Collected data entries
--- START ---
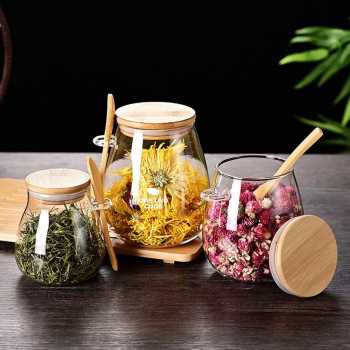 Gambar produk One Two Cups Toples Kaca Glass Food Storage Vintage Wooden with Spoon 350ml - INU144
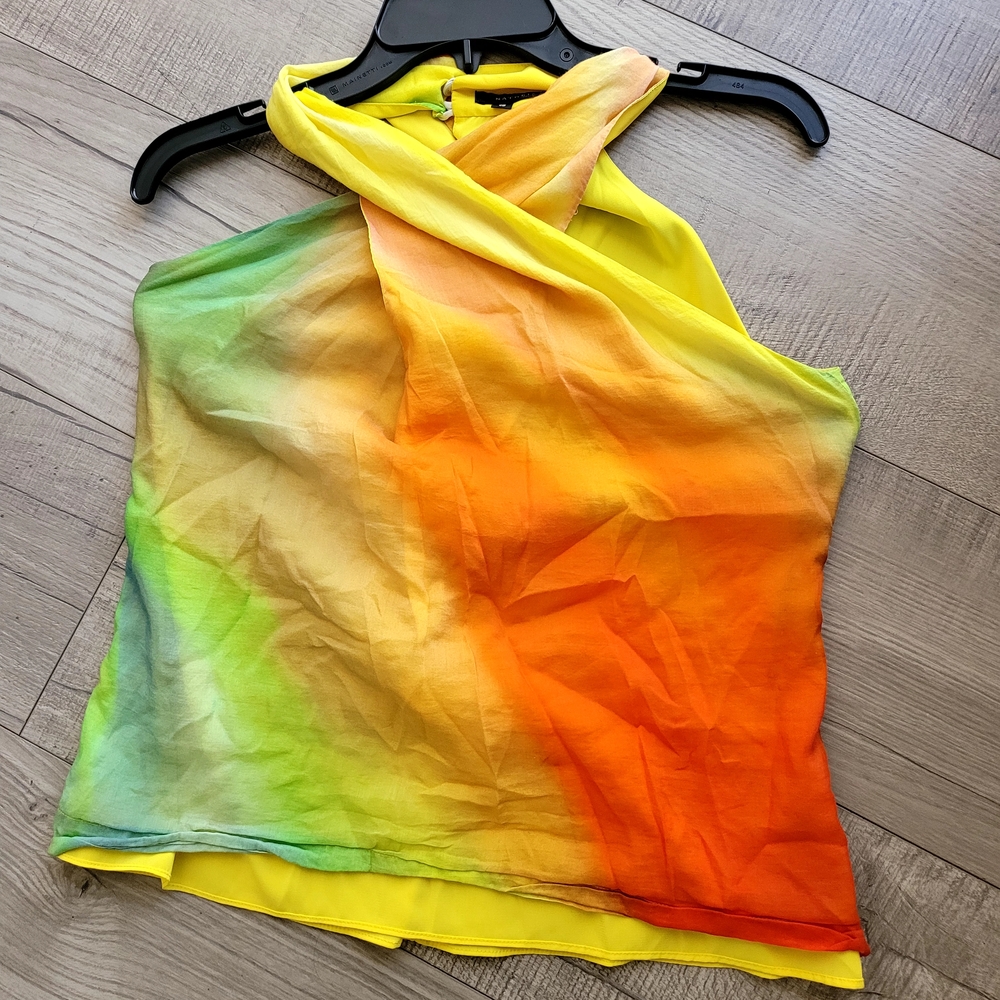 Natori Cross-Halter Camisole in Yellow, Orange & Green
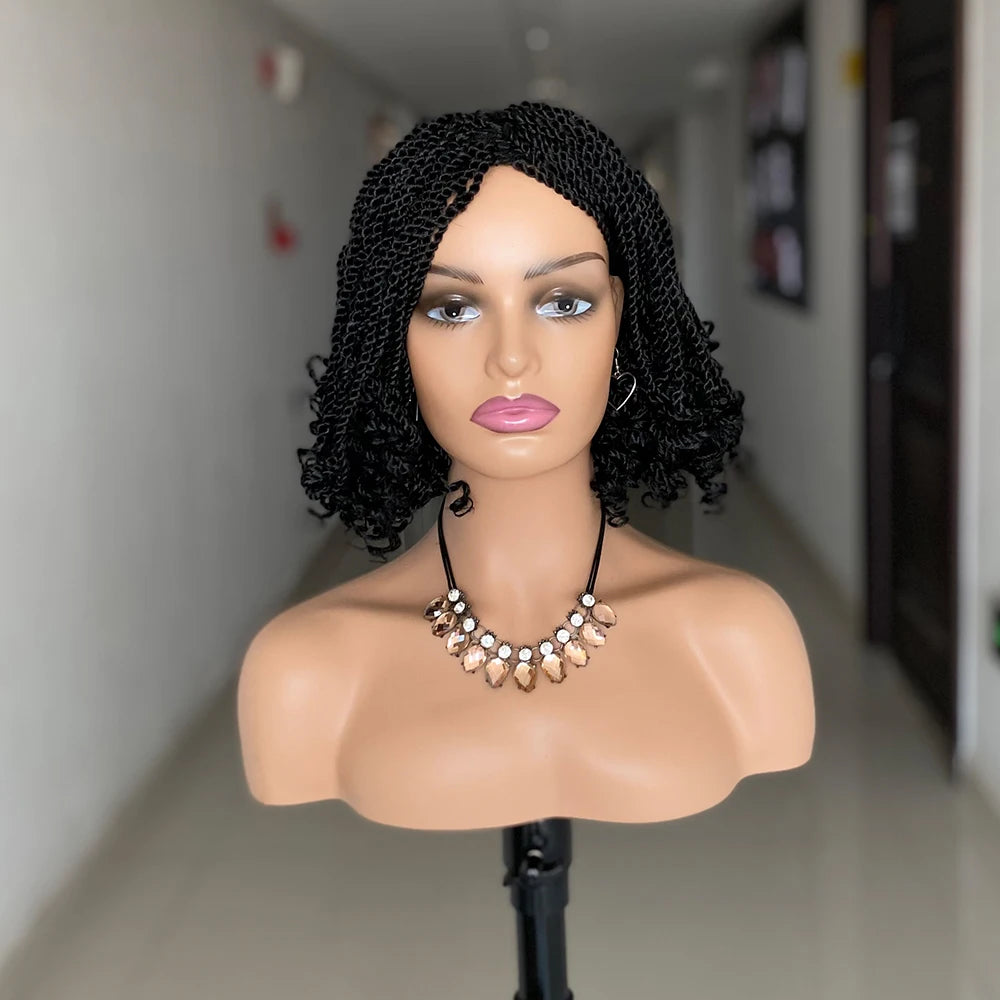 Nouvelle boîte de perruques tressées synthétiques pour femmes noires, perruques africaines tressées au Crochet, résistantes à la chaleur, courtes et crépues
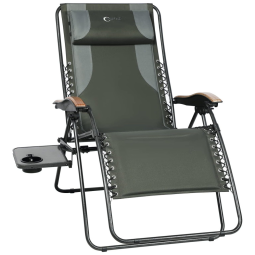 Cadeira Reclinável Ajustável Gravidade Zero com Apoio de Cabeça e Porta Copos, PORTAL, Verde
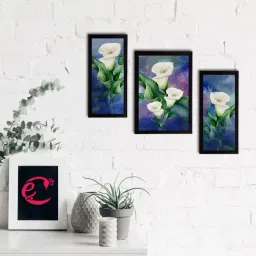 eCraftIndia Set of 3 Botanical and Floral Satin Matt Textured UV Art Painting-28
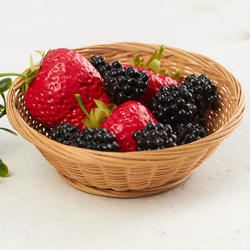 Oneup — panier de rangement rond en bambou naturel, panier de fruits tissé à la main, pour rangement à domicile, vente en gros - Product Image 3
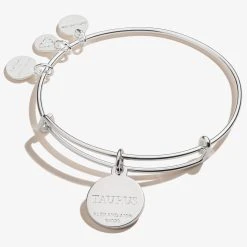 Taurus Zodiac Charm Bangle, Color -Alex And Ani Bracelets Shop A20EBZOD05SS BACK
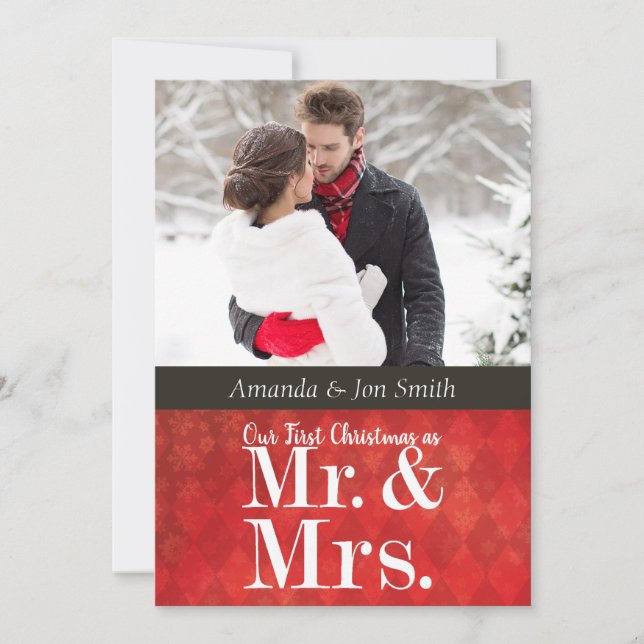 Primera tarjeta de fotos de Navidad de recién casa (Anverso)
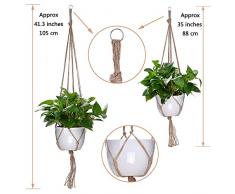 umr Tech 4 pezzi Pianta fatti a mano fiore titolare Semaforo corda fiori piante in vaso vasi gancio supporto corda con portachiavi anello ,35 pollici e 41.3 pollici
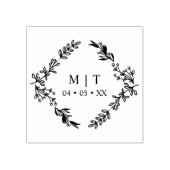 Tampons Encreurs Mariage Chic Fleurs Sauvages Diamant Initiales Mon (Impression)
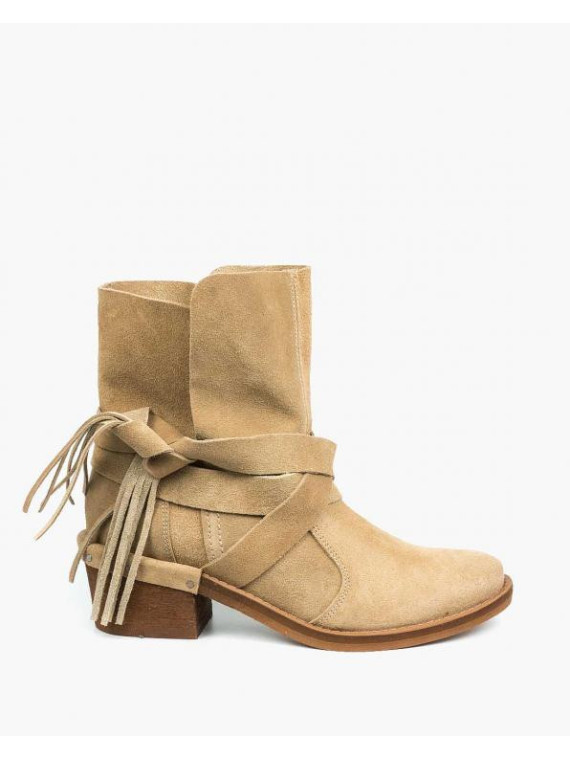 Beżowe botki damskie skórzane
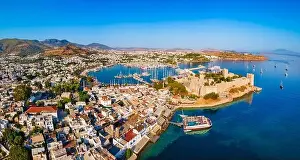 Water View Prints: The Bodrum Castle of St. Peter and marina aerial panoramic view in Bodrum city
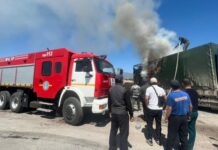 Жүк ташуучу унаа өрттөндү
--- END ---
→ **TO DO**
Leaving out the pictures, return the records exactly as given.

→ **RESULT BELOW**
 Gambar produk One Two Cups Toples Kaca Glass Food Storage Vintage Wooden with Spoon 350ml - INU144
 Natori Cross-Halter Camisole in Yellow, Orange & Green
 Nouvelle boîte de perruques tressées synthétiques pour femmes noires, perruques africaines tressées au Crochet, résistantes à la chaleur, courtes et crépues
 Cadeira Reclinável Ajustável Gravidade Zero com Apoio de Cabeça e Porta Copos, PORTAL, Verde
 eCraftIndia Set of 3 Botanical and Floral Satin Matt Textured UV Art Painting-28
 Oneup — panier de rangement rond en bambou naturel, panier de fruits tissé à la main, pour rangement à domicile, vente en gros - Product Image 3
 Taurus Zodiac Charm Bangle, Color -Alex And Ani Bracelets Shop A20EBZOD05SS BACK
 Primera tarjeta de fotos de Navidad de recién casa (Anverso)
 umr Tech 4 pezzi Pianta fatti a mano fiore titolare Semaforo corda fiori piante in vaso vasi gancio supporto corda con portachiavi anello ,35 pollici e 41.3 pollici
 Tampons Encreurs Mariage Chic Fleurs Sauvages Diamant Initiales Mon (Impression)
 Beżowe botki damskie skórzane
 Water View Prints: The Bodrum Castle of St. Peter and marina aerial panoramic view in Bodrum city
 Жүк ташуучу унаа өрттөндү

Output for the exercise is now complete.